Here are the latest developments from Pope Francis' trip to South America:
Hours before Pope Francis is set to arrive, tens of thousands of people are lined up along an 8-mile (13-kilometer) stretch of road coming from the airport to downtown Asuncion. The pope is set to spend three days there for the last stop of his South America tour.
The Paraguay government declared Friday and Saturday national holidays in honor of the pope's visit. While in Paraguay, he will celebrate two Masses, including one in Caacupe, the center of Paraguayan spirituality. He'll also meet with President Horacio Cartes on Friday and with hundreds of local groups on Saturday.
The Paraguay field where Pope Francis will celebrate the final Mass of his South American tour is cursed with serpents.
At least that's the warning from Paraguay's health ministry.
The Pope is due to celebrate Mass Sunday at the Nu Guasu site in a subtropical forest in Paraguay.
Health Minister Antonio Barrios says the area is a natural habitat for the reptiles. He says authorities have antivenom, but says the faithful should wear boots in any case.
Pope John Paul II celebrated a mass in this same place in 1988 under torrential rains.
Bolivian police say they have detained three Chileans who wanted to deliver a letter to Pope Francis. The men are protesting the Pope's ordainment of a bishop in southern Chile who is accused of covering up for a pedophile priest.
Police held the three men for more than 14 hours in the city of Santa Cruz. The men say they missed a chance to ask Francis to reconsider naming the Rev. Juan Barros as bishop in the city of Osorno.
Barros is accused of covering up the sex abuse by crimes of the Rev. Fernando Karadima, whom the Vatican has sanctioned for abusing young boys.
The Pope's appointment of Barros has led to an unprecedented outcry by abuse victims and Catholic faithful in Chile.
A Vatican investigation found Karadima guilty in 2011 and sentenced the now 84-year-old priest to a cloistered life of "penitence and prayer." It remains Chile's highest-profile case of abuse by a priest.

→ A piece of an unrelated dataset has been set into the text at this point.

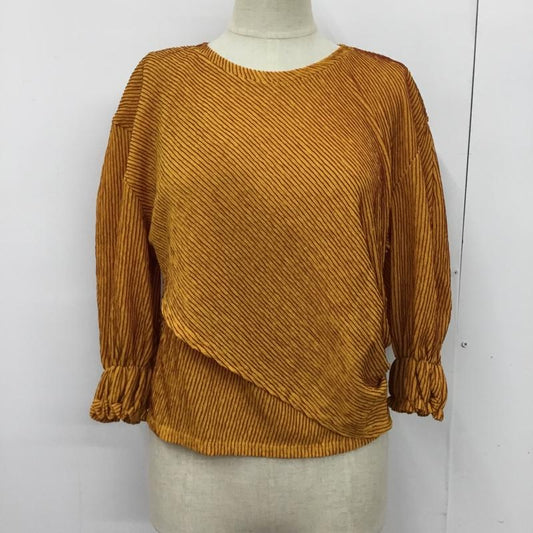 ザラコレクション ZARA COLLECTION カットソー 長袖 長袖カットソー 変型カットソー M 無地 X ストライプ 黄 / イエロー /  レディース USED 古着 中古 10092257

Pope Francis is urging inmates at Bolivia's notoriously violent Palmasola prison to not despair, leaving them with a message of hope and solidarity,
In his comments, Francis acknowledged the wretched conditions that the inmates face: overcrowding, the slow pace of justice, violence and few opportunities for education or rehabilitation. He said those need to be addressed by Bolivian institutions.

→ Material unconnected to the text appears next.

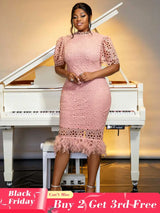 feather patchwork slim dress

But he urged the inmates not to despair and to not let their suffering lead to violence.
Three inmates are telling tell Pope Francis of the desperation inside Bolivia's most notorious prison and a corrupt and inept judiciary that sends many innocents to Palmasola Prison.

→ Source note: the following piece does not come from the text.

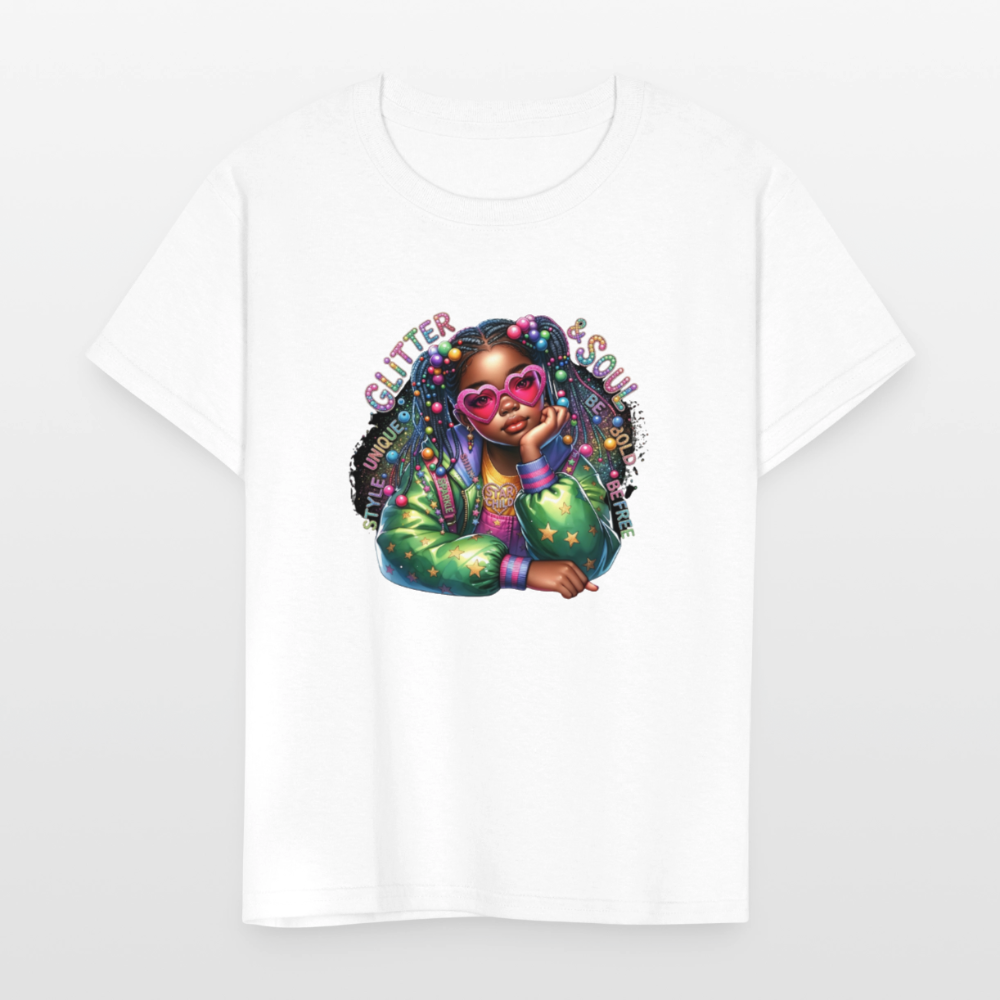 Black Girl Power - Glitter and Soul Kids' T-Shirt - white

One inmate told of witnessing the murder of a fellow inmate. Another described his surprise on arriving at finding "so many people sleeping on the floor like animals." The prison built for 800 inmates has more than 5,000.
A female inmate described what she called judicial terrorism: Those who can't buy justice are condemned to suffer. She said Bolivia's criminal justice system is based on lies, deceit and abuse of power.